Tobin’s jaw has dropped all the way to the basement. _“What?”_ he repeats, exchanging a knowing glance with Leif that makes Max’s skin prickle. “What do you mean, ‘What?’ You’re telling me that you and Zoey are going on a date?”

“Huh?” Max sputters. “N- no, it— trust me, it’s _not_ a date, I just, um... convinced her to skip a class she hates and hang out with me instead.” They still don’t seem persuaded, so he adds again, firmly, “It’s _not_ a date, guys.”

“Sure, and I _didn’t_ intern at SPRQ Point last summer,” Leif snorts.

Max glares at him. “Dude, do you have to brag about that every chance you get?”

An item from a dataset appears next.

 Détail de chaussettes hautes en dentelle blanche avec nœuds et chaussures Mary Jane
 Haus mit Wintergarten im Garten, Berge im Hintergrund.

“Yes, I do. And did that not get the point across?”

Max stands and clumsily shoves his chair back under the table, throwing his things into his bookbag. “Okay, I’m gonna leave. That way you two can be by yourselves here on your own little _date._ Since apparently two people being alone together automatically means it’s a romantic date now. How’s that?”

“We’re not on a date, bro,” Tobin calls after him as he heads for the door, earning them a few glares from silent-rule enforcers. “But _you_ will be on a date with Zoey.”

“Also, I sincerely hope you buy a new shirt for tonight, because everything you own right now is... not suitable,” Leif adds.

Max ignores them and keeps walking. He is pretty sure if he turned around right now, he would see Tobin doing an awful humping motion, so he definitely does not turn around. “It’s _not_ a date,” he hisses through his teeth, pounding down the stairs and storming out of the building. The relentless May sun does little to soothe his raging blush. “It’s _not_ a date.”

* * *

“Is this a date?”

Max startles at the question, sweat pooling on his back when he turns in his seat to face her. They’re stopped at a red light, and Zoey is doing that nervous fidgety thing she does, drumming a steady pattern on the steering wheel. She was doing that same motion the day Max met her at freshman orientation a couple years ago, except that time she was drumming a plastic cup filled halfway with lukewarm lemonade, standing on the quad under the sunny California glare. Max was hiding in the shade, leaning against one of the posts holding up the giant tent covering food and event tables. They were both alone and, as he would later find out, both equally terrified, even though she was just a hop, skip, and jump away from where she’d been born and raised while he was nearly 3,000 miles from everything he had ever known. That day Max decided he didn’t want to be alone anymore, and in the worst case they could at least feel alone together, so he approached her and said hi.

“What do you— no, this isn’t a date,” Max says, choking on the words. “Why are you even asking? I mean, we’ve seen movies together before.”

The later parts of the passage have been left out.